◆ DATA EXTRACT
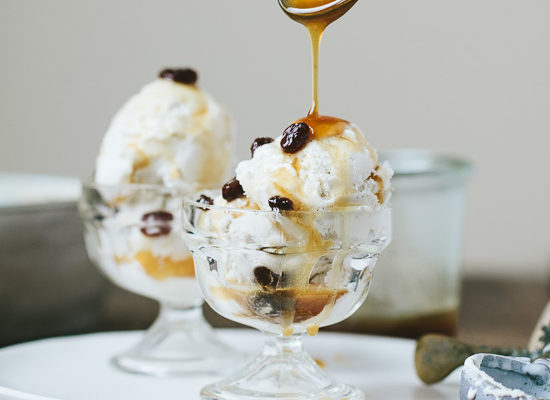 Coconut Vanilla Bean Ice Cream with Maple Rum Raisin Sauce | Gather & Dine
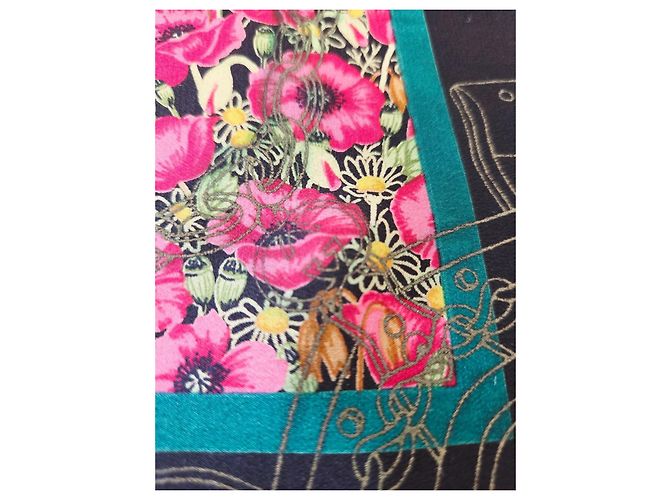 Foulard in seta Gucci Floral Archivio anni 80 Nero Rosa Verde Porpora Gold hardware - vista 13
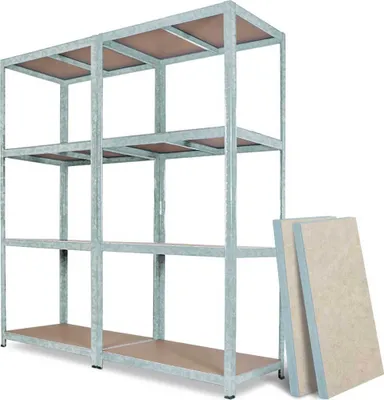 Produktbild von Schwerlastregal, Stecksystem, glanzverzinkt, 8 Böden Tragkraft + 2 Böden GRATIS, 265 kg je Boden, BxTxH 1800 x 500 x 1800 mm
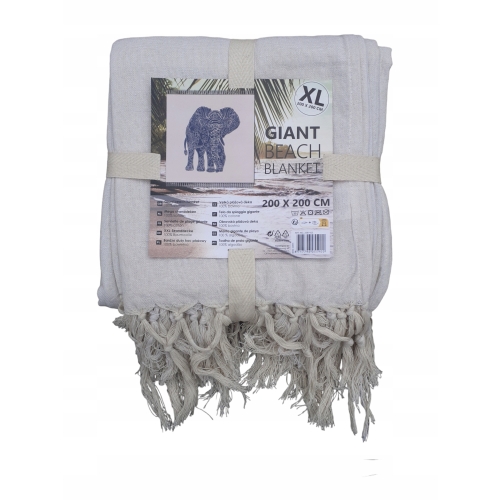BAWEŁNIANY KOC NARZUTA RĘCZNIK PLAŻOWY DUŻY na wakacje XXL 200x200 cm 722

◆ TASK STATEMENT
In the copy, only the lines from the one holding "Foulard in seta" through the end of the listing above should appear, retyped exactly, both ends included, with no pictures.

◆ EXPECTED ANSWER
 Foulard in seta Gucci Floral Archivio anni 80 Nero Rosa Verde Porpora Gold hardware - vista 13
 Produktbild von Schwerlastregal, Stecksystem, glanzverzinkt, 8 Böden Tragkraft + 2 Böden GRATIS, 265 kg je Boden, BxTxH 1800 x 500 x 1800 mm
BAWEŁNIANY KOC NARZUTA RĘCZNIK PLAŻOWY DUŻY na wakacje XXL 200x200 cm 722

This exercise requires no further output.